Ini juga sangat berhubungan dengan memilih pekerjaan. Tidak bisa dinafikkan bahwa pekerjaan akan mempengaruhi status sosial seseorang di masyarakat. Tapi perlu diingat bahwa apapun status sosial seseorang yang membedakan hanyalah tingkat ketaqwaannya. Jadi, apapun pekerjaan kita, selama itu pekerjaan halal maka kita harus bangga dengan pekerjaan kita. Dibandingkan kita hanya bermalas-malasan atau memutuskan untuk menjadi pengemis. Na’udzubillah….

3. Kenyamanan

Ini juga salah satu aspek yang penting. Saya selalu berkata pada teman kantor saya, “untuk apa gaji tinggi kalau ternyata kita tidak nyaman”. Kita bekerja memang untuk memenuhi salah satu kebutuhan kita tapi jika ternyata dalam pemenuhan itu membuat kita tidak nyaman, maka untuk apa? Kenapa kita tidak mencoba mencari pekerjaan lain? Bukankah rezeki Allah tersebar di seluruh Jagad Raya, bukan hanya di satu tempat.

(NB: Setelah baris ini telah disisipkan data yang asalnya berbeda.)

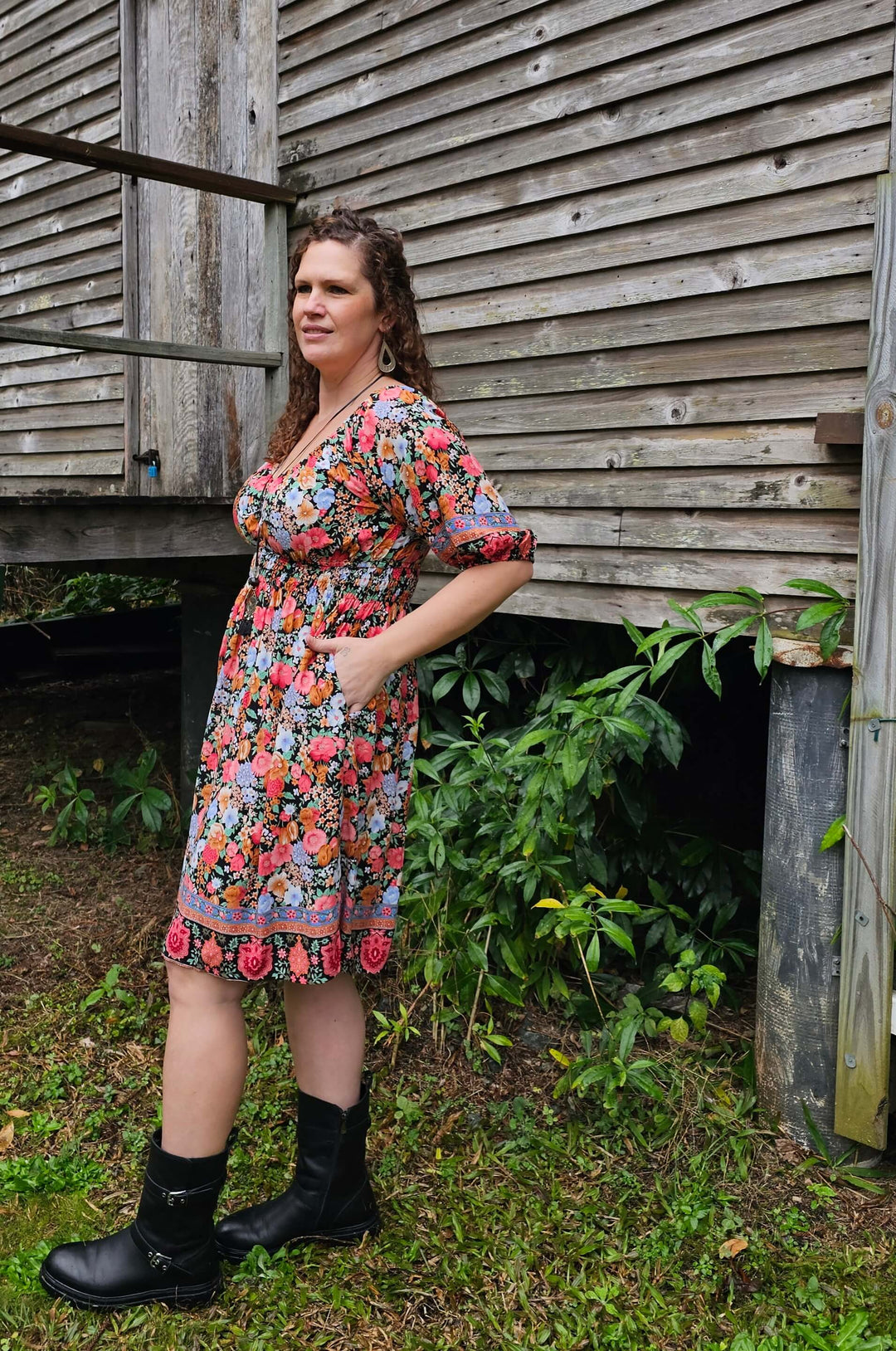 Black Bloom Cinch dress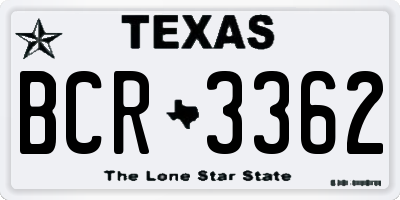 TX license plate BCR3362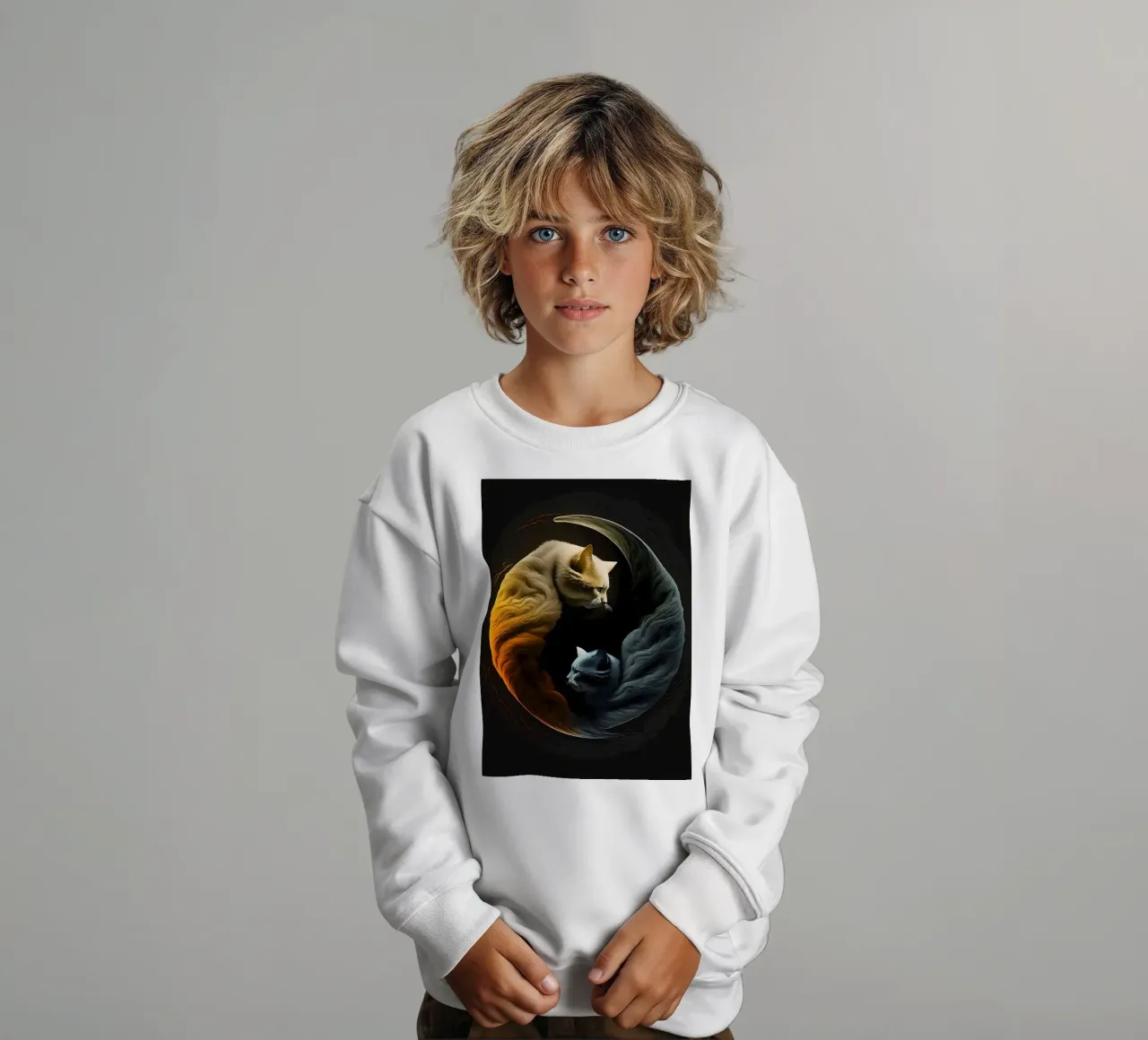Gatti Yin e Yang felpa bambino da Mikesell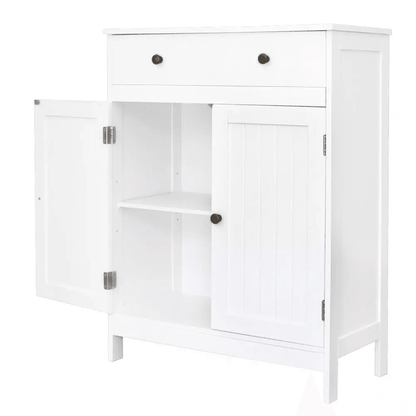 Freestanding White Wooden Storage Cupboard With Double Doors  Shelves Bathroom Floor Cabinet For Ki 3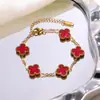 2026 Nuevo Pulsera de Trébol de Cuatro Hojas y Cinco Flores de Nácar Ultra Brillante, Joyería de Acero de Titanio Chapado en Oro de Lujo Ligero Brillante con Alta Retención de Color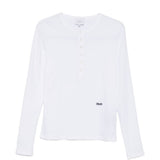 T-shirt a maniche lunghe con bottoni in bianco Rhude - uomo 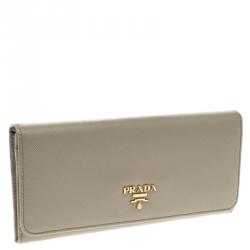 Pre Owned Prada Grey Saffiano Metal Leather Continental Wallet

4. Keinginan/kesesuaian/kecocokan

Seseorang akan bertahan lama pada suatu pekerjaan jika merasa cocok dengan pekerjaan tersebut.

Hal-hal tersebut di atas merupakan aspek penting dari suatu pekerjaan menurut penulis. Sekarang saya akan menganalogikannya pada pekerjaan yang saya geluti yaitu di perbankan syariah. Kenapa saya masih bertahan di pekerjaan ini padahal saya tahu bahwa kemungkinan besar di tempat saya bekerja belum menjalankan ekonomi syariah yang sebenarnya?? Tidak takutkah saya dengan peringatan Allah tentang RIBA itu? Pasti ada alasan tersendiri kenapa saya masih bertahan di pekerjaan yang mungkin bisa dikatakan abu-abu (Antara Riba atau tidak). Maka saya akan menjelaskannya dengan menjawab komentar di artikel sebelumnya karena itu akan membantu saya dalam menjelaskannya. Menurut hemat saya, komentator (kita sebut saja seperti itu) adalah salah satu orang yang tidak percaya dengan perbankan syariah, koperasi syariah ataupun BMT. Semuanya dianggap sama dengan konvensional walaupun ada label syariahnya. Seperti pendapat masyarakat secara umum bahwa hanya nama saja yang berbeda tapi sebenarnya sama. Ibarat suatu produk, hanya bungkus/sampulnya saja yang diganti tapi isinya sama.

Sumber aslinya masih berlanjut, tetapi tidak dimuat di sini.